| Task instructions |
Among the lines below, output only those between the line holding "Apartamento · 53m²" and the line holding "10465 N State Road 135, Freetown, IN 47235", inclusive, exactly as written and with no pictures.

[Stored dataset items]
* * * * *
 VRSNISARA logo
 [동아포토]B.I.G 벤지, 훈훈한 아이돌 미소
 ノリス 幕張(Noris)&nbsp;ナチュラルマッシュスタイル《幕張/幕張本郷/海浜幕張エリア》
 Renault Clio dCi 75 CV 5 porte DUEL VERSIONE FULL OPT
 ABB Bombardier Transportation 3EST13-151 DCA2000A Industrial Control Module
* * * * *
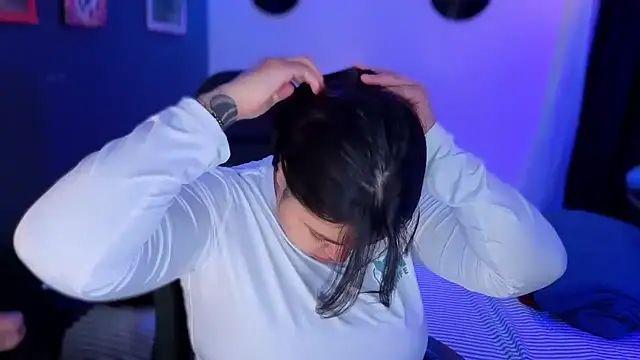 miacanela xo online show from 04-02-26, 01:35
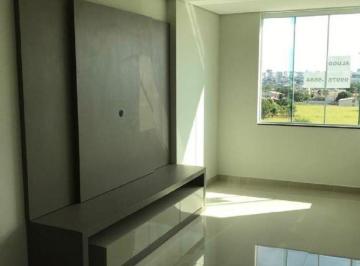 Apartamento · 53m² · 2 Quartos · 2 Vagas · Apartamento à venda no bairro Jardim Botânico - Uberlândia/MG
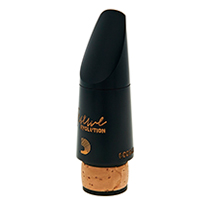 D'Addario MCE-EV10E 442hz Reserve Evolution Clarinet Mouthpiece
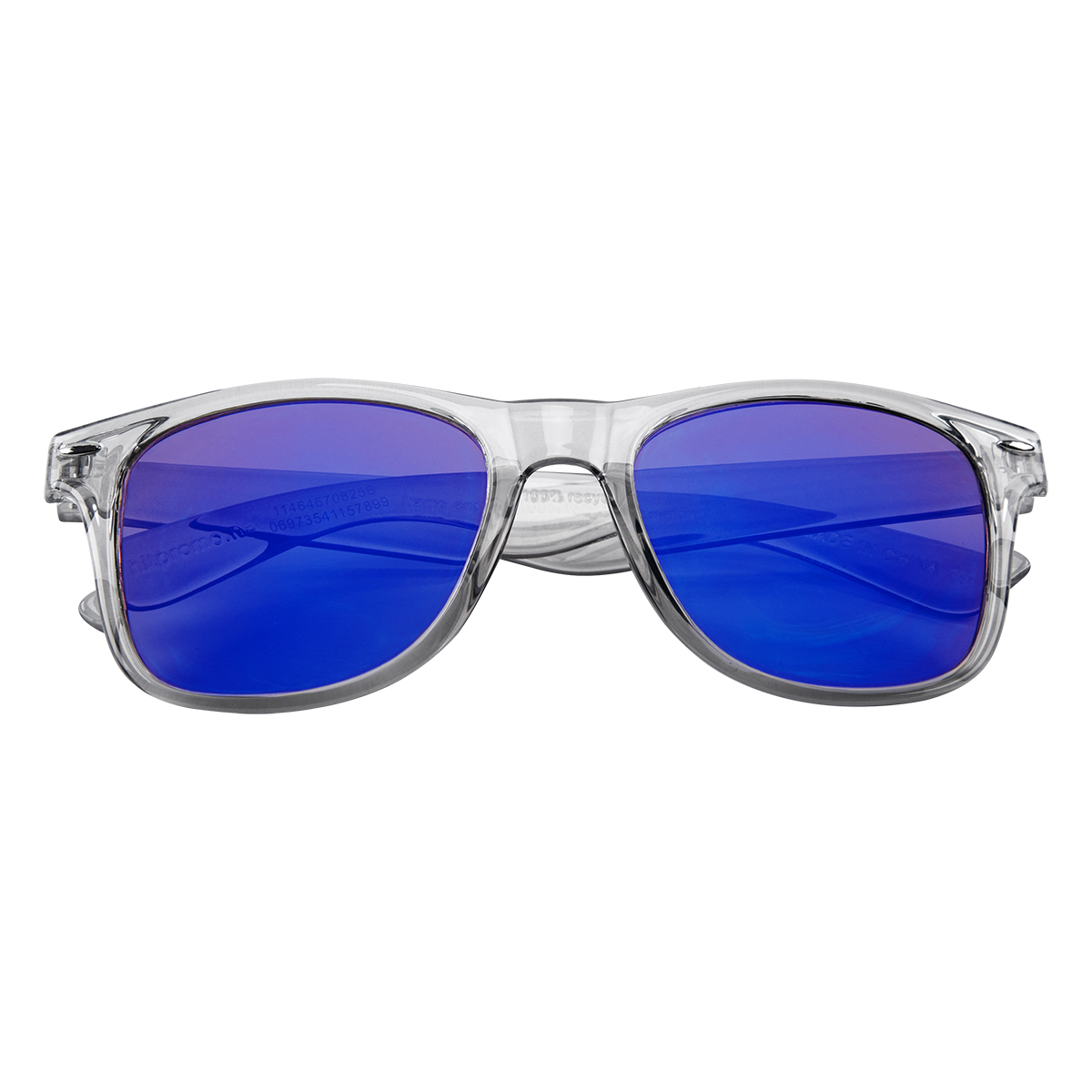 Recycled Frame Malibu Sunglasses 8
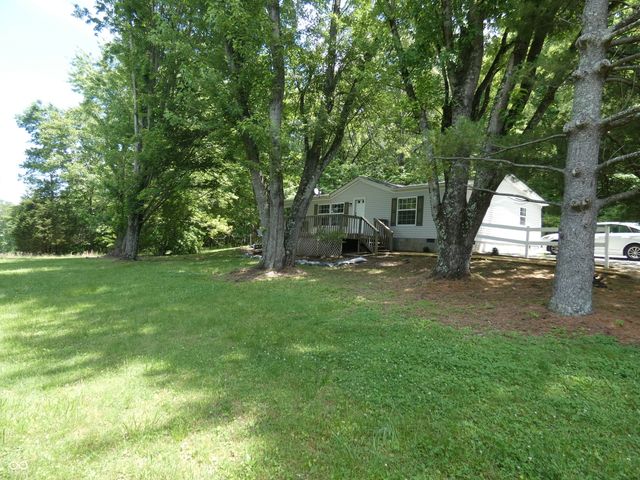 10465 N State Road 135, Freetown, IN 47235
* * * * *
| Exercise response |
 Apartamento · 53m² · 2 Quartos · 2 Vagas · Apartamento à venda no bairro Jardim Botânico - Uberlândia/MG
 D'Addario MCE-EV10E 442hz Reserve Evolution Clarinet Mouthpiece
 Recycled Frame Malibu Sunglasses 8
 10465 N State Road 135, Freetown, IN 47235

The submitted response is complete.